Everyone has something they don't particularly like about their appearance — be it a crooked nose, their "not pearly white enough" teeth, big forehead, missing thigh gap, etc.
But not just that. We also tend to fixate on these flaws, putting them into the center of attention, often inflating a problem that don't matter that much or don't even exist. Because let's be honest — your split hair ends aren't visible to anyone but YOU.
But for some people, dissatisfaction with their looks doesn't stem from vanity, but rather a disorder.
Meet Rotherham, England-based artist Leigh de Vries, who lives with body dysmorphic disorder (BDD) — a condition that warps the way people perceive their appearance.
In other words, people living with BDD tend to obsess over an insignificant or nonexistent defect in their looks, isolate themselves, even undergo plastic surgeries to fix perceived imperfections ...
De Vries has been dealing with this her entire life: every time this beautiful young woman looks in the mirror, she sees a huge tumor that weighs down the right side of her face. A tumor that doesn't exist.
"As a life time sufferer of BDD I have always believed myself to be severely deformed," de Vries writes on her website.
According to the Anxiety and Depression Association of America, people with body dysmorphia don't believe others saying they look fine, their negative thoughts are very hard to control and often lead to emotional distress, low self-esteem, even suicide attempts.

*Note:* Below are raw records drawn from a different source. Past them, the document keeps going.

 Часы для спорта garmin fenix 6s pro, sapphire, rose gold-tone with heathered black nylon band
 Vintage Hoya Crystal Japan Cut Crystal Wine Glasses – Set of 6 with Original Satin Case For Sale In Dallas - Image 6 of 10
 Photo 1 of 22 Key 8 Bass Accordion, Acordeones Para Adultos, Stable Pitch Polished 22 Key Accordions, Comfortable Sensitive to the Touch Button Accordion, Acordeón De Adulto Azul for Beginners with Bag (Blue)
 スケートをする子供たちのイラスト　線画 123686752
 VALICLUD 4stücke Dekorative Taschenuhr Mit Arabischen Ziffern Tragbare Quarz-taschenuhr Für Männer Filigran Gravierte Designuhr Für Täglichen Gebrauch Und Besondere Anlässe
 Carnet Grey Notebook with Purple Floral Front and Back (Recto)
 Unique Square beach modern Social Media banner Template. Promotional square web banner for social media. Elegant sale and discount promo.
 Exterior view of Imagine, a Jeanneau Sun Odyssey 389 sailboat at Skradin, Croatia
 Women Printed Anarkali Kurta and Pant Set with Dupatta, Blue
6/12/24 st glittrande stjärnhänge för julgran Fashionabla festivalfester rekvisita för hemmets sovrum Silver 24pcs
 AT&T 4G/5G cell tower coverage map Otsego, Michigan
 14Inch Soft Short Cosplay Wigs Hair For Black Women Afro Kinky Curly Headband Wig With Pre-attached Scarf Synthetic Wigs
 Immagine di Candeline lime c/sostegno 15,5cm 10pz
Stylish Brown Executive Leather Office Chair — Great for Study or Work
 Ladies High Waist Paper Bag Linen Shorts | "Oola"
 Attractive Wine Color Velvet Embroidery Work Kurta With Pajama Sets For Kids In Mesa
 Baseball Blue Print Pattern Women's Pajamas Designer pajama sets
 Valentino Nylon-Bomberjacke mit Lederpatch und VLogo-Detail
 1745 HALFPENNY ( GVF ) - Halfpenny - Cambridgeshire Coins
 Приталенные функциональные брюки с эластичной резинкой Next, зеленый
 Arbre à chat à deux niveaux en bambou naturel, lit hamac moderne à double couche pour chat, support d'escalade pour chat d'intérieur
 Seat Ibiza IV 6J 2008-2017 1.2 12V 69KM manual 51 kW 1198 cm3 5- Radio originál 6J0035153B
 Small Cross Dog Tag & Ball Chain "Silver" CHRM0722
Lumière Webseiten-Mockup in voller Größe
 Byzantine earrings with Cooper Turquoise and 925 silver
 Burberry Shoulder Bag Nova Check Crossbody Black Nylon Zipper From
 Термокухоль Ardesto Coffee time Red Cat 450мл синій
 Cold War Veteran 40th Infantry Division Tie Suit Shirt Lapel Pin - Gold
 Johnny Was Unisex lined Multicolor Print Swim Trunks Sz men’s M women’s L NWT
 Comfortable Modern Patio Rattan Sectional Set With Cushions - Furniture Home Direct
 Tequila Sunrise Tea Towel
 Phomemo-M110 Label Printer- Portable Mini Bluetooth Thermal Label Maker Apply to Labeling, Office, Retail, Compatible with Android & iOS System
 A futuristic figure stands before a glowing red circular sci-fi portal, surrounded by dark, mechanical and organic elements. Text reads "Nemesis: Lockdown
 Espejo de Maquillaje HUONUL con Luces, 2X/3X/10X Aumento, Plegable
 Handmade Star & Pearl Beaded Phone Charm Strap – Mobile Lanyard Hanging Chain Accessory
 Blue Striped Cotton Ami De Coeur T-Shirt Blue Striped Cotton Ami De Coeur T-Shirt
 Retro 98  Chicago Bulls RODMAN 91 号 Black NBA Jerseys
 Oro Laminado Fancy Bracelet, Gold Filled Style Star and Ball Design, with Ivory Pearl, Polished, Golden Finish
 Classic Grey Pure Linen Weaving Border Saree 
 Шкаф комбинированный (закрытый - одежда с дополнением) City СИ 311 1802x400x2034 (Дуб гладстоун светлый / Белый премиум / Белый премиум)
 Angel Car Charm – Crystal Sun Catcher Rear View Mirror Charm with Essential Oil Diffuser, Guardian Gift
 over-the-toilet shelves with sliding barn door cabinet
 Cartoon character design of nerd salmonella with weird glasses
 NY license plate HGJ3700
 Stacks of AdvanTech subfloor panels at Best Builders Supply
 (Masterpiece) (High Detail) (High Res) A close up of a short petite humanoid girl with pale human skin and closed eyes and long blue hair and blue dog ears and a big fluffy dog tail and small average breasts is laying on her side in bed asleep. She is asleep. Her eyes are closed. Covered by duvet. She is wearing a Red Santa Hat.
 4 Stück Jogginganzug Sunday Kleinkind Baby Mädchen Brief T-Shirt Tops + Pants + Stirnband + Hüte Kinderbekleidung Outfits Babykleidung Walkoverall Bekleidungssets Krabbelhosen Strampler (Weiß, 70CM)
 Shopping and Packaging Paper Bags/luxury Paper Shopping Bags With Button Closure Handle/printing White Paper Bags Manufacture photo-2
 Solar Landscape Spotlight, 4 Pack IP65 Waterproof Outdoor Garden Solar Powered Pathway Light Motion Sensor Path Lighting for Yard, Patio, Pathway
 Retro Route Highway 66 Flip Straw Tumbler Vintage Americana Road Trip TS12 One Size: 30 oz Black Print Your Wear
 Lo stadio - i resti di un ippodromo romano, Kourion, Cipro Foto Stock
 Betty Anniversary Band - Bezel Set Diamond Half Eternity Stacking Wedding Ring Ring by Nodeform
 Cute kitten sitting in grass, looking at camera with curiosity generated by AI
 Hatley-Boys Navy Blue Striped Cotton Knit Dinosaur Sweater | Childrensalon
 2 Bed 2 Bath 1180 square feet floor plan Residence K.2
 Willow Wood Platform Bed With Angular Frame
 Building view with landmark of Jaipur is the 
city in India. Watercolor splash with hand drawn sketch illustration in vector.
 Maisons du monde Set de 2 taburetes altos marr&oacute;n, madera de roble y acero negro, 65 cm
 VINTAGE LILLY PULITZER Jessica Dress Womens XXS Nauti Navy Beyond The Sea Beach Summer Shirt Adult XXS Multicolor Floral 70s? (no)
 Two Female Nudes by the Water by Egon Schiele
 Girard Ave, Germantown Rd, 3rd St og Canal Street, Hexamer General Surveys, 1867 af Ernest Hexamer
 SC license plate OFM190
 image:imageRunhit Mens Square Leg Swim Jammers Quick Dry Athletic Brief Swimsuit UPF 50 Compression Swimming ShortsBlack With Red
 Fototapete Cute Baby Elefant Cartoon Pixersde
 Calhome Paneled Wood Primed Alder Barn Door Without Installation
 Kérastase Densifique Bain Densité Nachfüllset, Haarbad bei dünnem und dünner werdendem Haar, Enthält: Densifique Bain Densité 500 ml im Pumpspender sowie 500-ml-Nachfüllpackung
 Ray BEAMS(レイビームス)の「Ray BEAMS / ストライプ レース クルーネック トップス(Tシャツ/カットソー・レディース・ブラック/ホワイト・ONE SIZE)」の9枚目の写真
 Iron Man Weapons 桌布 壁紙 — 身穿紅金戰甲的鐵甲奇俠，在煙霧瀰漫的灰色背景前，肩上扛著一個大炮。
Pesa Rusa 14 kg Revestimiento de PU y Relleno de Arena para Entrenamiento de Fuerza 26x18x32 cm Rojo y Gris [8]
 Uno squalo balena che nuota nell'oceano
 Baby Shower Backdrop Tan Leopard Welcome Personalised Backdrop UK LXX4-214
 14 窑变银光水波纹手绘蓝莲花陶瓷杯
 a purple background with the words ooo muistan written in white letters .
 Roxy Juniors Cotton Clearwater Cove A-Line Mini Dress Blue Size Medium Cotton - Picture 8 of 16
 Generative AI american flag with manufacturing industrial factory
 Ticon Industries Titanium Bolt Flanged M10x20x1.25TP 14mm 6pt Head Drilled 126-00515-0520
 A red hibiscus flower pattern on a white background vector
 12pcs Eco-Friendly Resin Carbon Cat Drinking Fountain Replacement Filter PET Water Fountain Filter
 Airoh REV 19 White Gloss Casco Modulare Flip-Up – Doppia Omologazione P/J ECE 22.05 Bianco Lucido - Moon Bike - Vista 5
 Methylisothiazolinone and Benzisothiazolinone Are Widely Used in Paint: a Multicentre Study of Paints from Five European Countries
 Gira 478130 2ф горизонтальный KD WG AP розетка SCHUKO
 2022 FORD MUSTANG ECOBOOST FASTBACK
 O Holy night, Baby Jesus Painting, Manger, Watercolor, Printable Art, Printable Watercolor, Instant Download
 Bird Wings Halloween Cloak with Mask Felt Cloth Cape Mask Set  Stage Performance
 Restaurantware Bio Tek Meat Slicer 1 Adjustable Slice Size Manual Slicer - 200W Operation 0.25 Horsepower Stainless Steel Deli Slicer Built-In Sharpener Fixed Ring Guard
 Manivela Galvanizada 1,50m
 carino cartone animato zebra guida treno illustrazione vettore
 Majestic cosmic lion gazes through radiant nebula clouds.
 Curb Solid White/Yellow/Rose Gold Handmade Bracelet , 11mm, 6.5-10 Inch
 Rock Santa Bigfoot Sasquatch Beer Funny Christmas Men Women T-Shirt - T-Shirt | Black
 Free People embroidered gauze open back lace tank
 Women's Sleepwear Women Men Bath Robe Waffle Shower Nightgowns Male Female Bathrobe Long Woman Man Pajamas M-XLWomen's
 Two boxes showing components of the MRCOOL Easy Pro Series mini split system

In de Vries' case, she developed this crippling, all-consuming mental condition in her early teens and says she used to exclude herself from the community as to not scar other people by showing them her "abnormality."
However, de Vries thinks people should be talking and learning more about body dysmorphia, so she took it upon herself to educate the society on this peculiar mental health condition.
De Vries started a project titled 'Exposure — The Broken Reality Tunnel,' which offers viewers the possibility of navigating through the mind of a BDD sufferer.
The project consists of an installation and a movie starring the artist herself. In the film, she hits the streets donning a prosthetic tumor, trying to capture other people's reactions to her appearance.
Made with the help of makeup artist Shaune Harrison, the artificial tumor represents the way de Vries sees herself.
Although it was one of the scariest things in her life, de Vries says the experience turned out to be life-changing: 'When I took the prosthetic off it was the first time I ever realized that I was beautiful,' she told Dazed Digital.
Leigh de Vries hopes her project puts a spotlight on conditions like body dysmorphic disorder and takes the "shame" out of it. She has also started a Youth Outreach Campaign willing to help young people battling BDD.